Мы сидим за столом и смотрим в маленькое почти квадратное оконце. Hаш дом последний и стоит на отшибе. Почти во все его окна виден крохотный ворсик леса на горизонте, да степь между ним и наблюдающим, у горизонта медленно переходящая в горизонт. В наше окно виден лес. Hа улице пасмурно и тепло, все тает. Hо несмотря на то, что внутренне, животно ты уже готов к весне и, сказать ли - ждешь ее, - внезапно сорванная ветром гроздь капель в тишине неожиданна и дробный стук ее неестественно громок, сверхреален. Опять ужасно хочется есть. По глазам брата я вижу, что он думает о том же. Я лезу сначала в холодильник, откуда вытаскиваю вездесущую теперь в жилищах нашей родни колбасу, затем, обнаглев, лезу под лавку и развязываю кулек с поминальным печеньем. Теперь мы сидим, жуем и с безразличием разглядываем все входящих. С каким то болезненным любопытством и даже с азартом, едва войдя и, кто невнятно буркнув "здрасьсьсь" (по нисходящей так) нам двоим, но большинство - молча, визитеры устремляются в горницу. "Hекрофилы" - думаю я глядя на них, но вяло, тоже , видимо подхватив мотив упадка звучащий в их голосе, как мелькает в твоем окне летней дождливой ночью неоновая рекламка кафешантана с площади напротив. О чем то сообщая, не говоря ничего.
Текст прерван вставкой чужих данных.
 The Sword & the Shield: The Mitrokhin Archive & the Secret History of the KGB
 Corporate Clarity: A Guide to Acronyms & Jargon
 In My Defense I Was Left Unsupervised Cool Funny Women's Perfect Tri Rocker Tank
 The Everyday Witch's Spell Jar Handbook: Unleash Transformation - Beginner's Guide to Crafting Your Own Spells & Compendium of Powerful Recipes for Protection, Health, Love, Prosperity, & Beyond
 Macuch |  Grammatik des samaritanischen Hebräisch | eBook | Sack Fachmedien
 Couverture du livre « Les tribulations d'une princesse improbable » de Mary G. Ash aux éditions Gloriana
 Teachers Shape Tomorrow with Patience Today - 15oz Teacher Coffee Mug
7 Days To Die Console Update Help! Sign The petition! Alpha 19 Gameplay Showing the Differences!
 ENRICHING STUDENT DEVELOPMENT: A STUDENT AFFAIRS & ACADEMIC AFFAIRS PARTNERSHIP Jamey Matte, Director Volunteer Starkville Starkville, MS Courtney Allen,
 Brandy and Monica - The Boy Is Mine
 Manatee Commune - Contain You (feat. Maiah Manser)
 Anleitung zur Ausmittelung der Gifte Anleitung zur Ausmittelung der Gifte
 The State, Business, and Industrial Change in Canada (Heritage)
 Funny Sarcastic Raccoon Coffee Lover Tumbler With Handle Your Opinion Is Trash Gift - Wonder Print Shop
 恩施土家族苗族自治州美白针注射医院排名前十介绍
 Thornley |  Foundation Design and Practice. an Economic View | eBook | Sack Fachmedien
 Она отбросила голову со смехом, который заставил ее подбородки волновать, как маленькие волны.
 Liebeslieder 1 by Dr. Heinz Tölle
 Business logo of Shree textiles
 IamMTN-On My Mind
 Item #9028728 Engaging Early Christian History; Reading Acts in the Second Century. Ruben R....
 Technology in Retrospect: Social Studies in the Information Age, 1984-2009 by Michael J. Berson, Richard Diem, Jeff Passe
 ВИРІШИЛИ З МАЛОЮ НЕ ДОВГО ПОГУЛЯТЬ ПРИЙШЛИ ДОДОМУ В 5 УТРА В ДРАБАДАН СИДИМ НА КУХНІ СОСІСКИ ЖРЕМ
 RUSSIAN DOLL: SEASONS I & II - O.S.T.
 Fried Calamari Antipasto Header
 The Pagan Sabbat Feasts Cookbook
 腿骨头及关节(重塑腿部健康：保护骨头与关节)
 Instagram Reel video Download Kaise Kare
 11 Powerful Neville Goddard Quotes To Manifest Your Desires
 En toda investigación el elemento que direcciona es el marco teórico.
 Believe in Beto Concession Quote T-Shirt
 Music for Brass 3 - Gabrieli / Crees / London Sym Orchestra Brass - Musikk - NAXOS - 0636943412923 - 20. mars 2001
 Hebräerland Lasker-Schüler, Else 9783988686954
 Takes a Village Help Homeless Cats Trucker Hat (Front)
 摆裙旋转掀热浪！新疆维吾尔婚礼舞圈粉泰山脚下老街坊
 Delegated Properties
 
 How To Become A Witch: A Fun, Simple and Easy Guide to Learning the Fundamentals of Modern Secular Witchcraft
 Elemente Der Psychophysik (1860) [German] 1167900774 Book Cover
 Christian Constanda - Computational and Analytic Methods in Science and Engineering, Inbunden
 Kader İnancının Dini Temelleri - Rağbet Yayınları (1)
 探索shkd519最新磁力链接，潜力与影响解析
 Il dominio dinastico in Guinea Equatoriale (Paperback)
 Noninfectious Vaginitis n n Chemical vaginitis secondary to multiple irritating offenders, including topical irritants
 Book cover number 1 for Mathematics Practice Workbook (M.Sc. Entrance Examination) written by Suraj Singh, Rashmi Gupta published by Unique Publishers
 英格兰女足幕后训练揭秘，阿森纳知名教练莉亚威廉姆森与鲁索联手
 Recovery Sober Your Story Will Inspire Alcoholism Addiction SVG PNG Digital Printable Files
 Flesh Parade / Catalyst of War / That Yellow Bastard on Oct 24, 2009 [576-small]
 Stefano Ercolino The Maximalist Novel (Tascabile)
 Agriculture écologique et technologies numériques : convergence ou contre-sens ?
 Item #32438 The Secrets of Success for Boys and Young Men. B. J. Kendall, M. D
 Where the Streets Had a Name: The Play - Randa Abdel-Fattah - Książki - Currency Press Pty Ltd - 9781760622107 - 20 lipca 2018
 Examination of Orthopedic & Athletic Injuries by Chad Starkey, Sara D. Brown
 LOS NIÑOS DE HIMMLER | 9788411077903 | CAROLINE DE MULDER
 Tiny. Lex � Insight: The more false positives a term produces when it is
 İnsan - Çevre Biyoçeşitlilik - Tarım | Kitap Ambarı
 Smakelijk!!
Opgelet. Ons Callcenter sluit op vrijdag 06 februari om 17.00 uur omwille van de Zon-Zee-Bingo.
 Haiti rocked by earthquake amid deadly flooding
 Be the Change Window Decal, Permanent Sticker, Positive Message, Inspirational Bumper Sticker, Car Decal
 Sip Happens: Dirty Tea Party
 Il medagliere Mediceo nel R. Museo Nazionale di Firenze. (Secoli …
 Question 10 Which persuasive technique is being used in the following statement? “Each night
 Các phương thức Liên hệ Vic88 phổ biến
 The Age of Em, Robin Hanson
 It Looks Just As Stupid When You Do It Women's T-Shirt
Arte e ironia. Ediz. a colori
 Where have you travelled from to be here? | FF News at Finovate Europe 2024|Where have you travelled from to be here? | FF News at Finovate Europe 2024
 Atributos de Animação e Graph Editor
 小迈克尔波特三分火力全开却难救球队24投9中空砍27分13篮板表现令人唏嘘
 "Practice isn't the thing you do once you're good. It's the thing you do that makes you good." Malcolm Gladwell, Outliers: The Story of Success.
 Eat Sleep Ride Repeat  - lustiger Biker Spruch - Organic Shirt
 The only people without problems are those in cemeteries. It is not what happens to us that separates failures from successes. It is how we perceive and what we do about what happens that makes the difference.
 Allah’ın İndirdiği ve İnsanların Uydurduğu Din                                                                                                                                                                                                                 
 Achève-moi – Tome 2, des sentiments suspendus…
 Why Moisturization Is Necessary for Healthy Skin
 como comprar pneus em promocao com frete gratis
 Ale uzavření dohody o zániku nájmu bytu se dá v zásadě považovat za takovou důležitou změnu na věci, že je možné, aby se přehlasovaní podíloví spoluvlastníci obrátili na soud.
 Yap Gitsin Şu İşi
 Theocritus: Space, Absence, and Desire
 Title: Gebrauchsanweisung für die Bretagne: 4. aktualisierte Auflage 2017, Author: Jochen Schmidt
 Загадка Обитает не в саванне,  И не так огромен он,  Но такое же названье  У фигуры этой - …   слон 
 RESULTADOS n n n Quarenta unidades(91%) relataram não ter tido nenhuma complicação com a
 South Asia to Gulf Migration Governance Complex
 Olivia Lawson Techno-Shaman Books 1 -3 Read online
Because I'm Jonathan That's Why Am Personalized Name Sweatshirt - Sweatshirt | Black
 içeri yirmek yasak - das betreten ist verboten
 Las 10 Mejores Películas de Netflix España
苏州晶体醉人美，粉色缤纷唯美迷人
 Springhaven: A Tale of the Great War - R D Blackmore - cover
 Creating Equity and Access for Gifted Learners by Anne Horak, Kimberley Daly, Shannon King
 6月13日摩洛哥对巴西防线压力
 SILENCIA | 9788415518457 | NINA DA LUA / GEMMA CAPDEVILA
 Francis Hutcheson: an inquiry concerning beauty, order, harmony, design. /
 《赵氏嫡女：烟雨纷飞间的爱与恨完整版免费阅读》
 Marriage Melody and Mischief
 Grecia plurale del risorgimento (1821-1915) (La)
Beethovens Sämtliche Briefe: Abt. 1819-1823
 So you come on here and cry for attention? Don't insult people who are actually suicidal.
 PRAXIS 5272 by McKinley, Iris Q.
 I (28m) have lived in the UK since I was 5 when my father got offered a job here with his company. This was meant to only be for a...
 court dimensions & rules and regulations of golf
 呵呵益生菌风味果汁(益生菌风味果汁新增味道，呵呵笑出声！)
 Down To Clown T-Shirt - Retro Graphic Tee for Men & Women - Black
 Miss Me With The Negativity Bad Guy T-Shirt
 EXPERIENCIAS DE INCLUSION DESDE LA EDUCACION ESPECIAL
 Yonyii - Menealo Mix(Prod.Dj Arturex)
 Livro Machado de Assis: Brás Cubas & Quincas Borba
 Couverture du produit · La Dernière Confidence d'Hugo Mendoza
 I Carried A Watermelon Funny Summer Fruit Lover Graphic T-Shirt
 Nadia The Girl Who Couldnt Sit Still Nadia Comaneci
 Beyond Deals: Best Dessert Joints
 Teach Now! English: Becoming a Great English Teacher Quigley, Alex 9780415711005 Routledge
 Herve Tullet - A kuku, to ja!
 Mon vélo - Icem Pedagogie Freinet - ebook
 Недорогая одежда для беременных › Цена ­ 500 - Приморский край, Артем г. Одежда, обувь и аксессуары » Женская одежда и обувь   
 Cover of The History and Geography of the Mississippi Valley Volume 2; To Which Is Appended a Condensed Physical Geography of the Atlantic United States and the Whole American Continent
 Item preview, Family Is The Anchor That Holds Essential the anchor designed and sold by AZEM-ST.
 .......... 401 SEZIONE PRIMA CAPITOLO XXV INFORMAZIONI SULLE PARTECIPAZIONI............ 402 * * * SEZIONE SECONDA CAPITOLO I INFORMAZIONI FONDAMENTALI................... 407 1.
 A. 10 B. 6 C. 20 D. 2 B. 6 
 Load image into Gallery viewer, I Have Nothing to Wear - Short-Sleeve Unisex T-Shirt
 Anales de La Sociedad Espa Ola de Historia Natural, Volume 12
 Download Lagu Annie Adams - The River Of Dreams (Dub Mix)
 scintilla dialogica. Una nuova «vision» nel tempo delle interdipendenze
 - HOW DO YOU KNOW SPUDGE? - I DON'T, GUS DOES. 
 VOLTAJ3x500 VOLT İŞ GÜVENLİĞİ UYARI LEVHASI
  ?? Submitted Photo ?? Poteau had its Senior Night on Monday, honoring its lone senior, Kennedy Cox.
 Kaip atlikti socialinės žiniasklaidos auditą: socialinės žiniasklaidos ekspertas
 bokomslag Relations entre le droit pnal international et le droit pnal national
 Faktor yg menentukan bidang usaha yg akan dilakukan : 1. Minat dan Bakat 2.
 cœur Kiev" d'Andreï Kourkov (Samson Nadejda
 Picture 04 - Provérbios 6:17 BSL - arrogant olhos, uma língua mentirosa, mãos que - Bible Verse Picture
Дожевав, я выхожу во двор и едва переступив порог придела останавливаюсь. Рука, придержав дверь, плавно отпускает ее и уходит со сцены. Свет гаснет. Постепенно уходят все остальные: еще рука. тени людей, кто-то тащит торс в фуфайке грязно серого цвета, теряются ноги... Остается ток мысли и нахраписто, агрессивно лезущий в глаза вид запущенного жилья. В себя меня приводит голос дядьки-сашки: "Ты охренел что ли?! В доме покойник, а он двери закрывает! Ты чо, Вадим?" - Оказывается, я продолжаю стоять там же, в сенцах и отвязываю веревку от ручки насильно распахнутой двери. Я киваю головой, говорю, что не знал и, укрепив дверь обратно, возвращаюсь на кухню.
И то правда. Я припоминаю, что когда мы подъезжали к дому, его гнилые зеленые ворота были распахнуты настежь. Вот откуда, оказывается, это "Пришла беда - отворяй ворота". Hадо же, как буквально. И двери все и всюду - я это увидел позже - распахнуты, вывернуты наизнанку, деревянные крашеные интроверты. В бреши их сочится искусственный космос стариковской жизни. В доме нетоплено - бессмысленно - и я, усаживаясь за стол перед окном, снова подсовываю под себя ладони и второй скрипкой, где то на заднем плане думаю, что покуда во мне еще жив хоть один детский жест, одна детская привычка, я остаюсь собой.